--- Data in this exercise ---

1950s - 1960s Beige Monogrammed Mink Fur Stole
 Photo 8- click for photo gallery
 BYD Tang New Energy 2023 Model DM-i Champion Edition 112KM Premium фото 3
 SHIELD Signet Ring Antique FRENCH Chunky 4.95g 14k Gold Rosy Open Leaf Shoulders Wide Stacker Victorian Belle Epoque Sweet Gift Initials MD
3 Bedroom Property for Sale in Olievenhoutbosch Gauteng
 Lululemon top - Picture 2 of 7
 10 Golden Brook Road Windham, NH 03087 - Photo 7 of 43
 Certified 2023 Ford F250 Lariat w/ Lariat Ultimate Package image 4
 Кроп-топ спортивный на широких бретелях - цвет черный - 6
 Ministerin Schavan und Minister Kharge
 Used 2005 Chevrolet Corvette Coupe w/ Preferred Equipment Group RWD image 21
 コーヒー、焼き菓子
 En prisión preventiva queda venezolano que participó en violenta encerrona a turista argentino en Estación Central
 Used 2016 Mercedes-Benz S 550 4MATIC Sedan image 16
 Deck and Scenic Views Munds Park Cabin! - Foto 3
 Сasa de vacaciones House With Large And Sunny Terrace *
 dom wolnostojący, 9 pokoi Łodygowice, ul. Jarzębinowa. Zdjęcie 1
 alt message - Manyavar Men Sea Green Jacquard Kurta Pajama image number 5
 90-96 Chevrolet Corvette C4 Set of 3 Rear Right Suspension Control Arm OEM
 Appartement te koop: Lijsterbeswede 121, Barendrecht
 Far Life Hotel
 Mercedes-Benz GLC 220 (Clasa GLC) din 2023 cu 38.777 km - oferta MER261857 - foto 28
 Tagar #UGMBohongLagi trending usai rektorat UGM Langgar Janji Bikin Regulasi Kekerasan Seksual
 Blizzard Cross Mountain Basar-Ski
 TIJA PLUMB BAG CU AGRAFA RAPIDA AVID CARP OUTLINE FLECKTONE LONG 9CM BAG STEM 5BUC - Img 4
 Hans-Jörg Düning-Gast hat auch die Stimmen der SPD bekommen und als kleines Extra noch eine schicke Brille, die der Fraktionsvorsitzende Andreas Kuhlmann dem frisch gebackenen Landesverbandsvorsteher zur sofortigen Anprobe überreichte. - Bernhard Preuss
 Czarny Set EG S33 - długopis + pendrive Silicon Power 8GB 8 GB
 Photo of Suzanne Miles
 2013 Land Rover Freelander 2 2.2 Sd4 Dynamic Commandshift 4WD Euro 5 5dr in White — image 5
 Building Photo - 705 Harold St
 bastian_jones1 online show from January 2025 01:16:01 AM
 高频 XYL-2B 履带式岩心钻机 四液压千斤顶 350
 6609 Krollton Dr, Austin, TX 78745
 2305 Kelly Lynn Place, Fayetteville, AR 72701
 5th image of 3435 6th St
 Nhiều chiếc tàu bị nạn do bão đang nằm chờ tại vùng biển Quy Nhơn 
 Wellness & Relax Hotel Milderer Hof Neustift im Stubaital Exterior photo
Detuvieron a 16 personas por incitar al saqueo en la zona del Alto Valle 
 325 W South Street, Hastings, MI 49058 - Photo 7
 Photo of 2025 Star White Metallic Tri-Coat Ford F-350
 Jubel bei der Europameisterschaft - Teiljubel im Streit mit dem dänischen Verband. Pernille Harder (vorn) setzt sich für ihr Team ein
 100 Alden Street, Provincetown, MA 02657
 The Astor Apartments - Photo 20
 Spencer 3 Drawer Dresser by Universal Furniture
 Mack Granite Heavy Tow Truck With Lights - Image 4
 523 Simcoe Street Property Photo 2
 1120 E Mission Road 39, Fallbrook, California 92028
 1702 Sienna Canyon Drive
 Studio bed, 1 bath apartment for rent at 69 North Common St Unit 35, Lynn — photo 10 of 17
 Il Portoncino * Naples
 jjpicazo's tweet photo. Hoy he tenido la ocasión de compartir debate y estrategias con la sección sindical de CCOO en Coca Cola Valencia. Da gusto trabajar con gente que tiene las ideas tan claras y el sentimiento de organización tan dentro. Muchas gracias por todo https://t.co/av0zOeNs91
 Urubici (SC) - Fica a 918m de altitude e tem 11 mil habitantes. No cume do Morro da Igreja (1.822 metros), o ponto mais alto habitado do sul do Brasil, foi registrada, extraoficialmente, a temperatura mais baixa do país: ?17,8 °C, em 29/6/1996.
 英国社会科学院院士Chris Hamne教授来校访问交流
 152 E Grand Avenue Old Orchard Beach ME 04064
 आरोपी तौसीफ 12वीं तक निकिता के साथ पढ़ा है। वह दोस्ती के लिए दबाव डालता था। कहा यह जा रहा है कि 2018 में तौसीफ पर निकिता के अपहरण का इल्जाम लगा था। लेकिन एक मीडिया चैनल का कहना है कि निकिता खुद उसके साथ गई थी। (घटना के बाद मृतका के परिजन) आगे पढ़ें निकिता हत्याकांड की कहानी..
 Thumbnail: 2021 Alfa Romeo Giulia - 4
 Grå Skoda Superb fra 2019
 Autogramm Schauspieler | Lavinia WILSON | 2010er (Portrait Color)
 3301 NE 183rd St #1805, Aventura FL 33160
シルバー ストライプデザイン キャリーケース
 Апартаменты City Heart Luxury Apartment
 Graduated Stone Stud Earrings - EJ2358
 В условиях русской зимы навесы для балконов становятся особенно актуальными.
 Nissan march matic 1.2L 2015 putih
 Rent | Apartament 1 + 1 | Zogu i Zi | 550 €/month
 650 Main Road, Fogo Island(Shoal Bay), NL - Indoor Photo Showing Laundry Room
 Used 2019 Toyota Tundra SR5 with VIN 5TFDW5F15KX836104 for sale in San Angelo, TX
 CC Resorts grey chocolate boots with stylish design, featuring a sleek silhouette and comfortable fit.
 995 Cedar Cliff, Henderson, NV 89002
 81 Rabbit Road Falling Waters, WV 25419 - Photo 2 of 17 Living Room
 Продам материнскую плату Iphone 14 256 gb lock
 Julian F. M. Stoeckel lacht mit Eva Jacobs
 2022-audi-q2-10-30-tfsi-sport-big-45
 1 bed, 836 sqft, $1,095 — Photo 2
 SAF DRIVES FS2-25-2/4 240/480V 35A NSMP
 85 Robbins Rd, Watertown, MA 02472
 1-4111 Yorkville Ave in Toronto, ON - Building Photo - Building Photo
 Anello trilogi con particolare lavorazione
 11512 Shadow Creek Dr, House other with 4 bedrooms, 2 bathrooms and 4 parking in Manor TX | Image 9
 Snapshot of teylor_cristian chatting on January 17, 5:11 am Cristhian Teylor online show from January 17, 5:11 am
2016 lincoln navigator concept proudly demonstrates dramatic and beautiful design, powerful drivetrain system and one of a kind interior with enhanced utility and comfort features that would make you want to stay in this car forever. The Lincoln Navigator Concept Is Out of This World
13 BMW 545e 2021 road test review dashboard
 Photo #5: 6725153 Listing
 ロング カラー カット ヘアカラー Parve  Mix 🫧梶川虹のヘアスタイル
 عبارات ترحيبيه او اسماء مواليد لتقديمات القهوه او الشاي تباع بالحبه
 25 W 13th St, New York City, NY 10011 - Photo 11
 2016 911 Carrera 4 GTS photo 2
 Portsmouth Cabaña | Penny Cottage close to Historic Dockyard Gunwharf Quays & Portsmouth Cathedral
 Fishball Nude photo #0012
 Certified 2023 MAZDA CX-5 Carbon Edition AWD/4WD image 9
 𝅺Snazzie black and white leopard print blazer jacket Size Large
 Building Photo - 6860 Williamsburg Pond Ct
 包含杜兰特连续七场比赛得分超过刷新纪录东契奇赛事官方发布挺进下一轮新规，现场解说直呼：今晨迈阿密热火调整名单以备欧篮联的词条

---

● The task
Determine the number of lines in the material above that include the word "House". Give that number and no other text.

● Answer to the exercise
2